Thursday 9 May 2013

How is overseas aid for Bangladesh spent?

Not on improving health and safety and workers rights but on television shows appears to be the answer.

The death toll following the Rana Plaza collapse in Bangladesh on the 24th April has now risen to 912.  Latest news report from Bangladesh show that, in a separate incident, a further 8 Bangladeshi people have lost their lives in a fire in another Bangladeshi garment factory in the Mirpur industrial district in Dhaka after being overcome by toxic fumes from burning acrylic clothing. But for the fact that the workforce had gone home the death toll from this latest incident could have been far greater.

These 920 deaths, with more likely from the Rana Plaza tragedy, follow an earlier fire in November when 112 workers lost their lives in another garment factory fire in Tazreen.

The loss of 1024 workers in little more than six months is a disgrace and prompted the STUC to have a look at where UK aid for Bangladesh is spent.

An article in the Sunday Telegraph on the 11th November last year questioned where the Department for International Development was investing aid in Bangladesh.

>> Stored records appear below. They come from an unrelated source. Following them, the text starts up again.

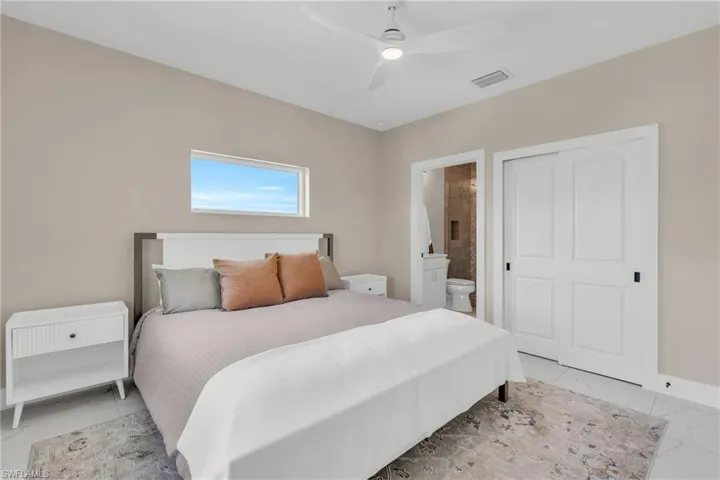 Bedroom with ceiling fan and ensuite bath
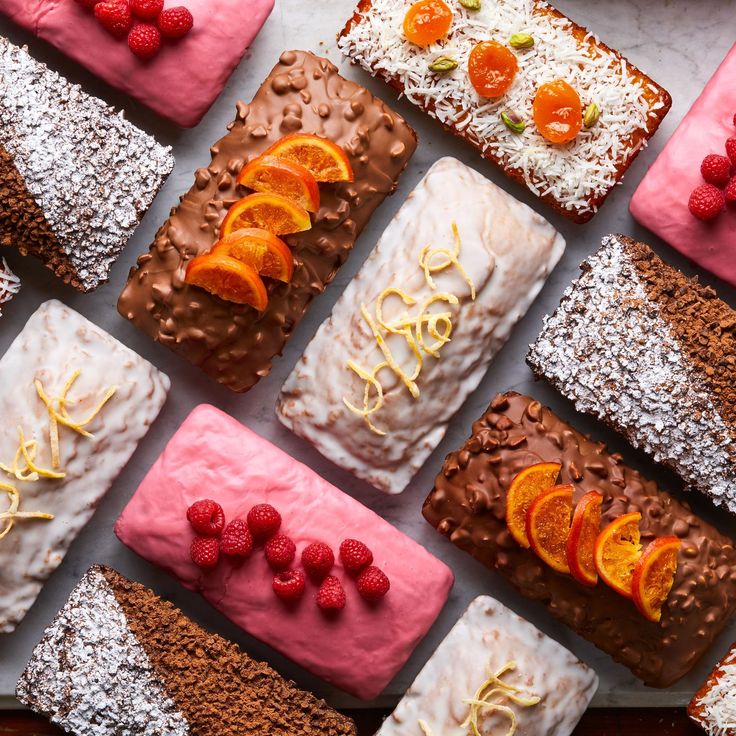 there are many different types of desserts on the table together, including oranges and raspberries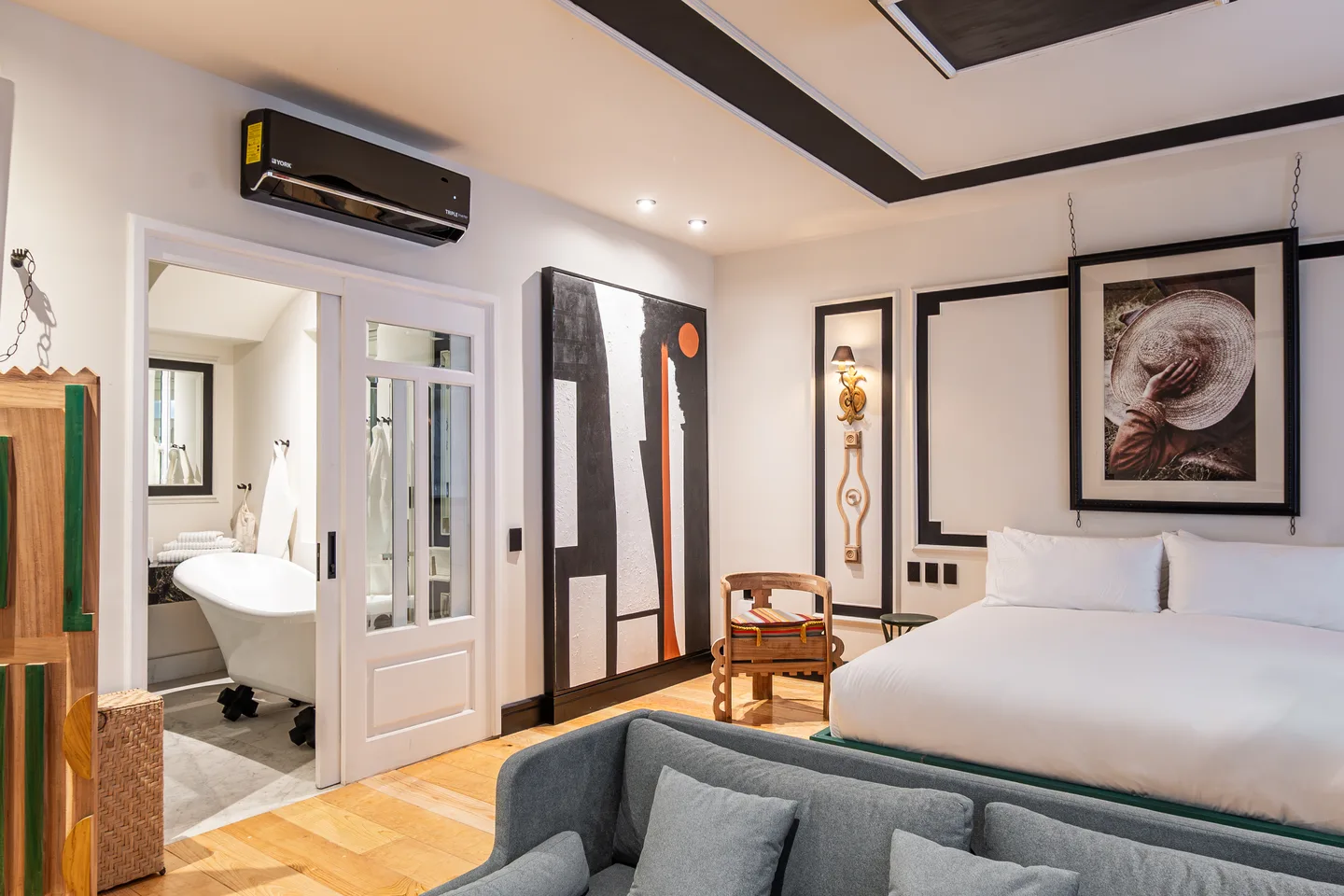 View across the sofa and bed toward the bathroom and bathtub — Nova Suite, La Valise Mexico City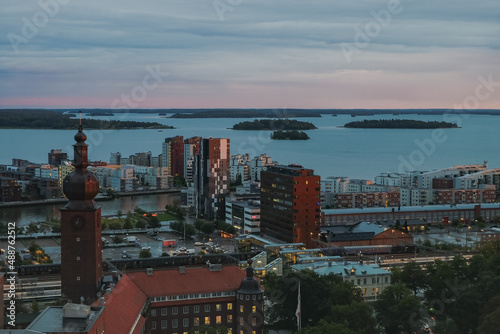   The view of old Swedish town Vasteras from above, with old brick buildings and modern appartment houses and lake in the background, shot in the evening.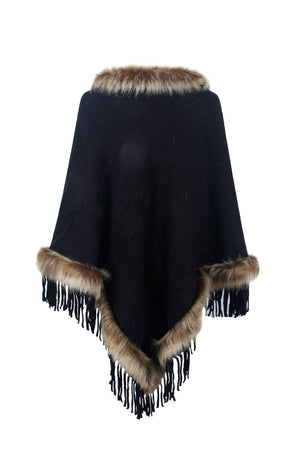 Black textured knit poncho with faux fur trim and fringe detail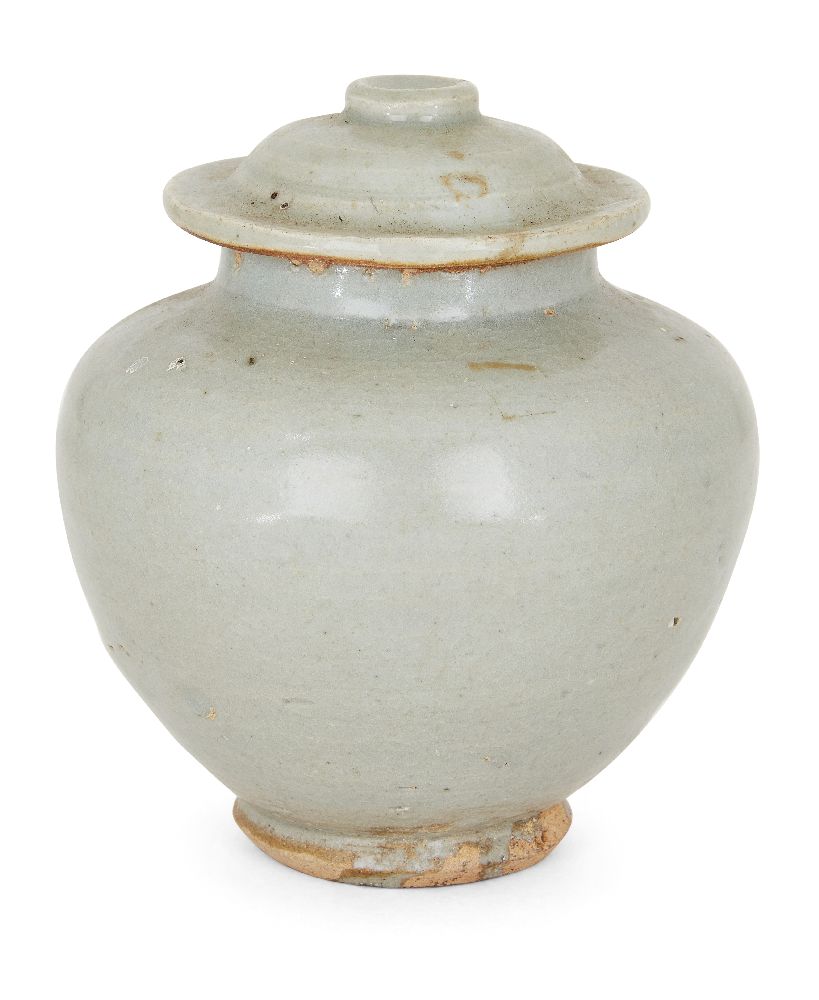 A Chinese pottery jar and cover, 15th century, covered in a greyish-green glaze, 12cm highPlease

Investment to aid international development in Bangladesh included:
  • £5 million for a Question Time-style show and £546,000 for a phone line announcing what debates are coming up in the country’s legislature.
  • £21.2 million on a road maintenance project, later pulled due to “fiduciary irregularities” after it emerged that less than 10 per cent of the funding had been spent on roads.
  • £22.7 million to bail out debt-laden state-owned businesses. 
  • £13.1 million on training 1,700 civil servants to “develop and deliver pro-poor policy and practice”.
Not one penny seems to have been spent on improving the lives of Bangladeshi workers.  The United Kingdom Government has maintained a silence on this issue, a fact that is hardly surprising given their attacks on workers rights including our well established health and safety regulation and enforcement body, the HSE.

Since the Rana Plaza tragedy, the Bangladesh Government has apparently closed 18 garment factories due to safety concerns.  However Bangladesh reportedly has around 5 million people working in the garment industry in 5000 factories. Those workers are mainly women with many being rural migrants, seeking employment in this low wage industry in order to escape the abject poverty associated with rural life in Bangladesh.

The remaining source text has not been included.